The definite integral of √(x³) over the limits 0 to 2 is

A) ∫(0 to 2) √(x³) dx = 3
B) ∫(0 to 2) √(x³) dx = 4
C) ∫(0 to 2) √(x³) dx = 2
D) ∫(0 to 2) √(x³) dx = 1

Answer 1

The definite integral of √(x³) over the limits 0 to 2 is 3.2, which is not listed among the provided options. This is found by integrating x^(3/2) and evaluating the antiderivative at the upper and lower limits.

Step-by-step explanation:

The question concerns the computation of a definite integral of the square root of x cubed (√(x³)) over the interval from 0 to 2. We can express the integral as ∫(√(x³) dx) from 0 to 2. First, we rewrite the integrand √(x³) as x^(3/2) to simplify the integral.
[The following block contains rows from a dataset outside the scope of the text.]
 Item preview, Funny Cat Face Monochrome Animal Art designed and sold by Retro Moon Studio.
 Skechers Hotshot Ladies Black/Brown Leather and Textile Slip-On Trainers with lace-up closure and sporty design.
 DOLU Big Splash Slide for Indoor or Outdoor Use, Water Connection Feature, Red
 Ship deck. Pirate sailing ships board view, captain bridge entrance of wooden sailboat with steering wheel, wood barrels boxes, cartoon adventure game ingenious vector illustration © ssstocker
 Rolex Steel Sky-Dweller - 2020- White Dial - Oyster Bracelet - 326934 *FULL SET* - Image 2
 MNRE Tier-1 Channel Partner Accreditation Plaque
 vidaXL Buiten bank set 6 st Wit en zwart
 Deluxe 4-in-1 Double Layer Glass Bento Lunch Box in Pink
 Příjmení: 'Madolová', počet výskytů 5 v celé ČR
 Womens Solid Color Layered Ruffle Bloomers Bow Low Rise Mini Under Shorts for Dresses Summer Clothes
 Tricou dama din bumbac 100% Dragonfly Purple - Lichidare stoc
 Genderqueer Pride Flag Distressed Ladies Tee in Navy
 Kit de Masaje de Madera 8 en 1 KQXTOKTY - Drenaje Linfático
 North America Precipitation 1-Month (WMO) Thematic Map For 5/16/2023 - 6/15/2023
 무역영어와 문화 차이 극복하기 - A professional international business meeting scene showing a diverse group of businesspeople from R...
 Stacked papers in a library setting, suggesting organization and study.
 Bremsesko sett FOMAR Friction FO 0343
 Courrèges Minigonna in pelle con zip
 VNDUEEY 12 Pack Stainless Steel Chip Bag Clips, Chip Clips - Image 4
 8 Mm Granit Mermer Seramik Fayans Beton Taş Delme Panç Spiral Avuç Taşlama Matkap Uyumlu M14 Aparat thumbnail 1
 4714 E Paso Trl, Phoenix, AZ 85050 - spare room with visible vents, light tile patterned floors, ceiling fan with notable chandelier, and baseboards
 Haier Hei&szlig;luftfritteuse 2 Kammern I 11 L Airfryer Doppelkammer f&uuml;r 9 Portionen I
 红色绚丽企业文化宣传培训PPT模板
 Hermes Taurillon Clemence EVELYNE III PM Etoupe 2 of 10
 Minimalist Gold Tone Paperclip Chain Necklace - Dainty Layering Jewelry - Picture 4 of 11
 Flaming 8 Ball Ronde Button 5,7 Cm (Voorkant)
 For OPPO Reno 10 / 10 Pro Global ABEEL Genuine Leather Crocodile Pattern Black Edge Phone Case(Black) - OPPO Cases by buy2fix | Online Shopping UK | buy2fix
Now, we'll integrate x^(3/2) with respect to x over the given limits:

1. Express the integral in terms of x: ∫(0 to 2) x^(3/2) dx.
2. Find the antiderivative of x^(3/2), which is (2/5)x^(5/2).
3. Evaluate the antiderivative at the upper and lower limits and subtract: [(2/5)*(2)^(5/2)] - [(2/5)*(0)^(5/2)].
4. Simplify the result to obtain the value of the integral.

The calculation yields the value:

((2/5)*(2)^(5/2)) − ((2/5)*(0)^(5/2)) = 3.2.

Thus, none of the provided options A) 3, B) 4, C) 2, or D) 1 are correct. The exact value is 3.2, which is not listed among the answer choices.